Renewable Power Perspectives Q&A with Kristal Hansley, Founder & CEO of WeSolar, Inc.
I was at a community conference with 50 Black ladies organizers who were not invested in the community solar motion. To be able to offer an item that will save our neighborhood up to 60% on their energy expenses is transformative.
WeSolars mission is to bring under-resourced communities economical access to regional community solar and to assist commercial properties with energy efficiency. When I first moved to Baltimore, the Community Solar Pilot Program was released, and I desired to guarantee city citizens were getting the exact same amount of investment as the county. Renewable energy has traditionally been a middle-class issue because Black neighborhoods have had to live in survival mode, but Reverend Mason and Reverend Dewitt brought me into the circle and connected me with the people I needed to link with in order to make this collaboration successful.
By Constance ThompsonAugust 27, 2021
The American Council on Renewable Energy (ACORE) is delighted to share the first installment in our “Accelerating Renewables” blog site series.
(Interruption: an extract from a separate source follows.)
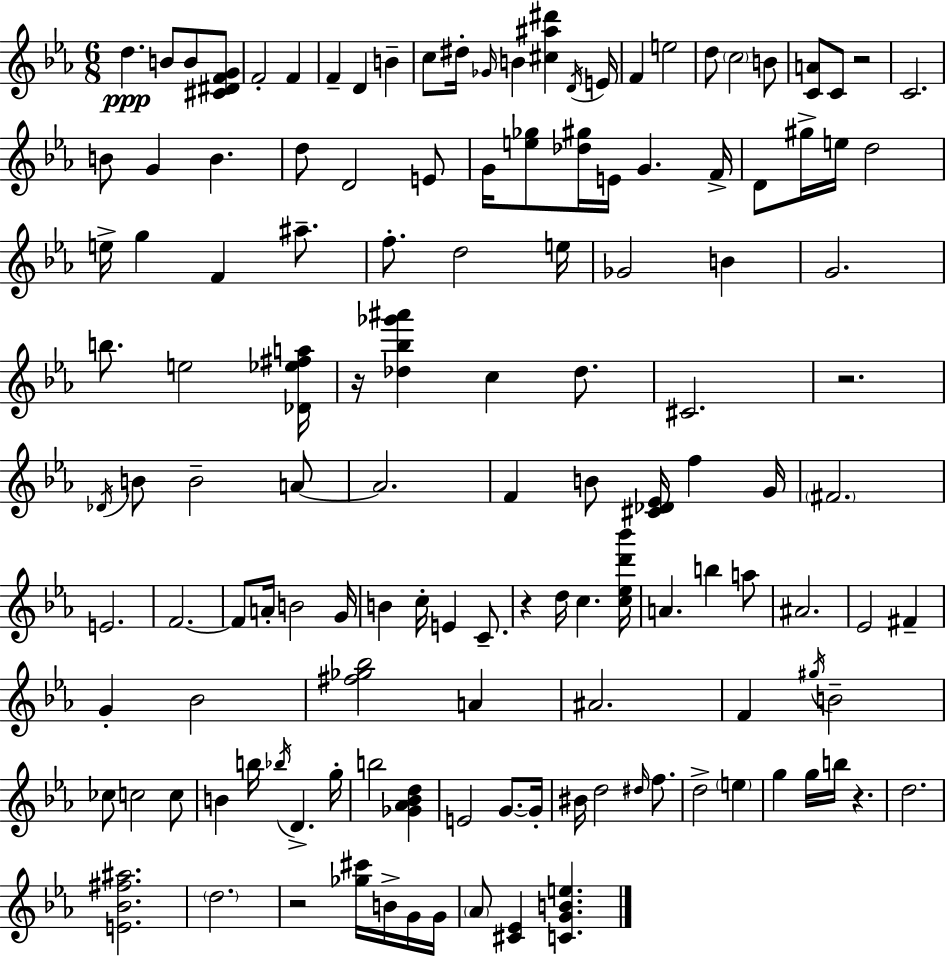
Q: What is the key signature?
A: EES major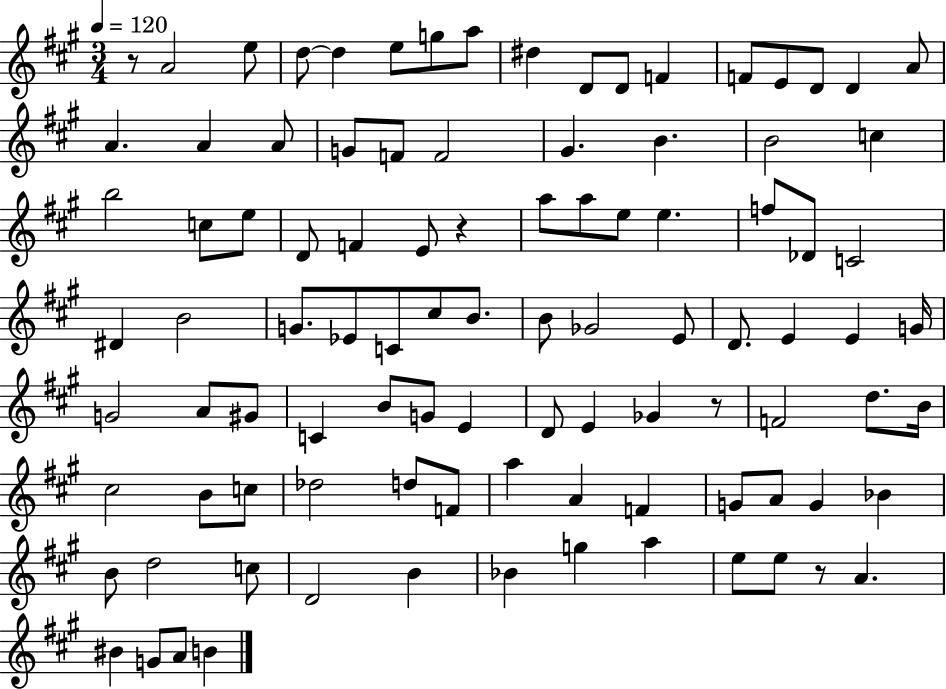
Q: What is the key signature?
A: A major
Each installment will feature market leaders and subjects related to speeding up an equitable and simply transition to a renewable resource economy. In recognition of National Black Business Month, our August blog is the very first in a series highlighting how Black-owned member companies are flourishing in the sustainable energy sector.
Kristal Hansley is the Founder & & CEO of WeSolar, Inc and is the nations very first Black lady CEO in the neighborhood solar market. Under her leadership, WeSolar is growing rapidly, providing customers throughout Maryland and the District of Columbia access to budget-friendly solar power, regardless of house type, and helping hard-working households minimize monthly costs.
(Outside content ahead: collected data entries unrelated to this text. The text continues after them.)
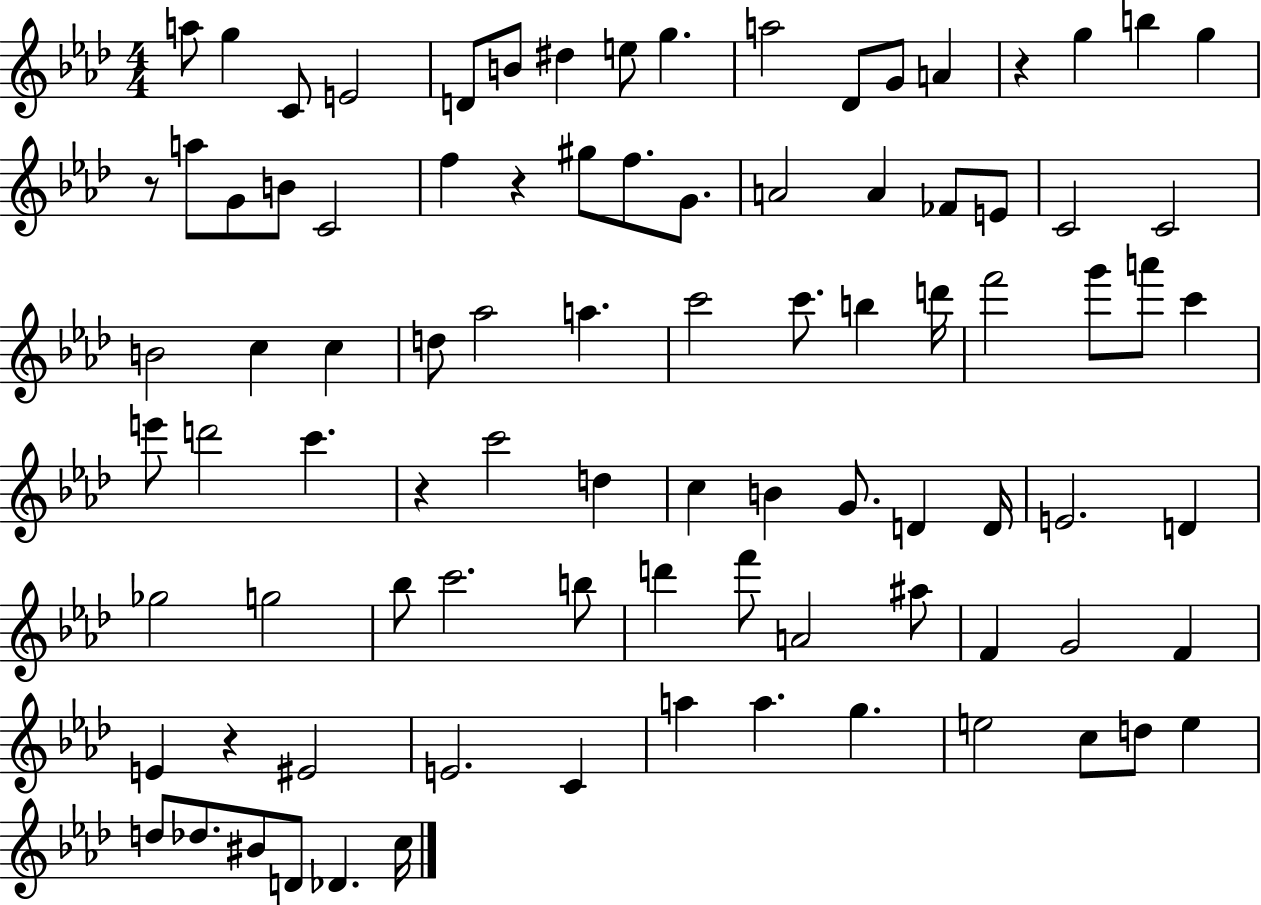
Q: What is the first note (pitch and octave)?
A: A5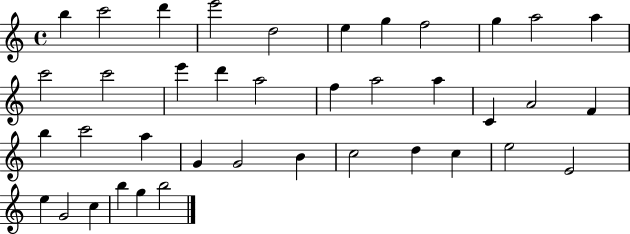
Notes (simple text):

B5/q C6/h D6/q E6/h D5/h E5/q G5/q F5/h G5/q A5/h A5/q C6/h C6/h E6/q D6/q A5/h F5/q A5/h A5/q C4/q A4/h F4/q B5/q C6/h A5/q G4/q G4/h B4/q C5/h D5/q C5/q E5/h E4/h E5/q G4/h C5/q B5/q G5/q B5/h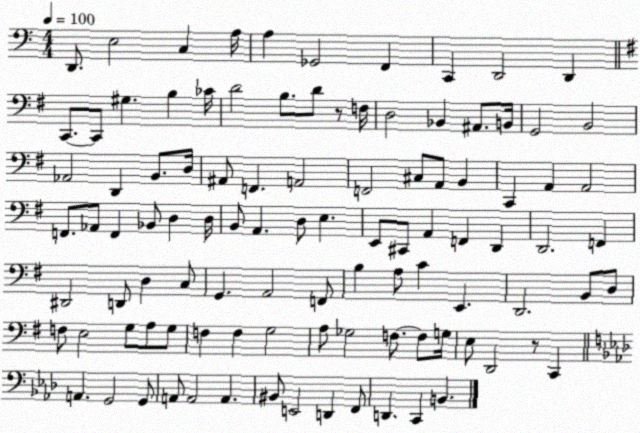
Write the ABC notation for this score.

X:1
T:Untitled
M:4/4
L:1/4
K:C
D,,/2 E,2 C, A,/4 A, _G,,2 F,, C,, D,,2 D,, C,,/2 C,,/2 ^G, B, _C/4 D2 B,/2 D/2 z/2 F,/4 D,2 _B,, ^A,,/2 B,,/4 G,,2 B,,2 _A,,2 D,, B,,/2 D,/4 ^A,,/2 F,, A,,2 F,,2 ^C,/2 A,,/2 B,, C,, A,, A,,2 F,,/2 _A,,/2 F,, _B,,/2 D, D,/4 B,,/2 A,, D,/2 E, E,,/2 ^C,,/2 A,, F,, D,, D,,2 F,, ^D,,2 D,,/2 D, C,/2 G,, A,,2 F,,/2 B, A,/2 C E,, D,,2 B,,/2 D,/2 F,/2 E,2 G,/2 A,/2 G,/2 F, F, G,2 A,/2 _G,2 F,/2 F,/2 G,/4 E,/2 D,,2 z/2 C,, A,, G,,2 G,,/2 A,,/2 A,,2 A,, ^B,,/2 E,,2 D,, F,,/2 D,, C,, B,,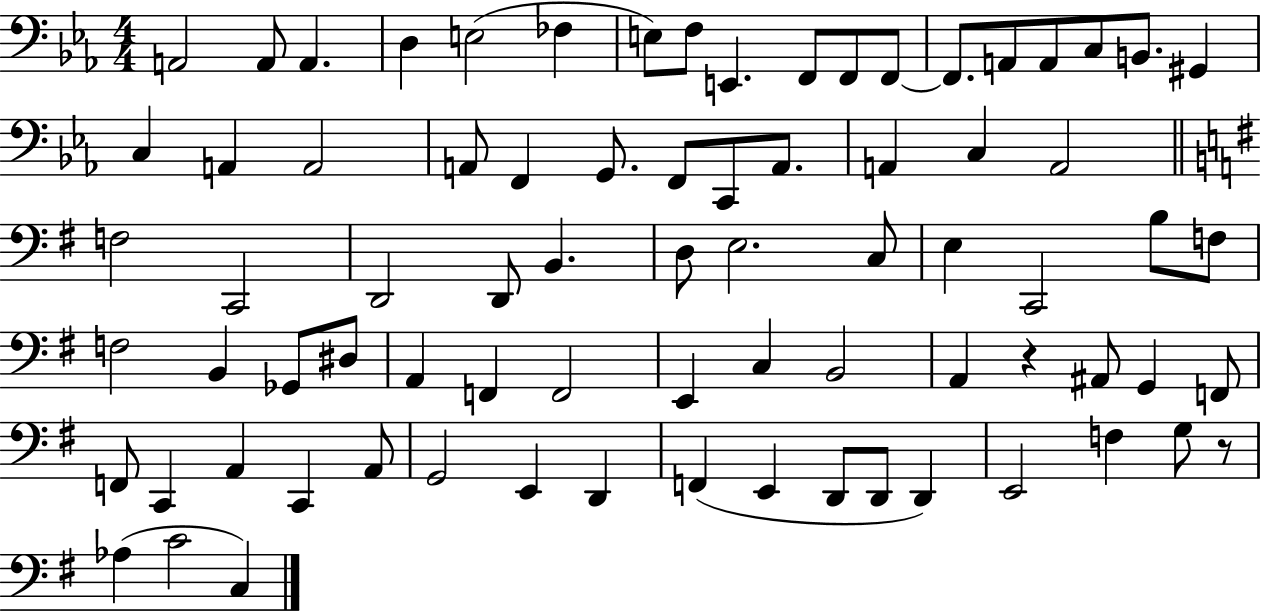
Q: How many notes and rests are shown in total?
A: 77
What inspired you to begin your company?
I was at a neighborhood conference with 50 Black ladies organizers who were not invested in the community solar movement. 36% of Black families experience a high energy problem, indicating they spend over 6% of their earnings on house energy expenses. To be able to offer a product that will conserve our community up to 60% on their energy bills is transformative.
Tell us about your business?
WeSolars objective is to bring under-resourced neighborhoods budget-friendly access to local neighborhood solar and to assist commercial residential or commercial properties with energy efficiency. WeSolar released in Baltimore and will expand to other cities in the future. Through WeSolar, electricity consumers can purchase shared solar from a regional project without having to set up any equipment in their homes. In turn, homeowners save hundreds on their electrical energy bills. In Maryland, lawmakers passed legislation that states 50 percent of its electrical energy need to come from renewable resource sources by 2030.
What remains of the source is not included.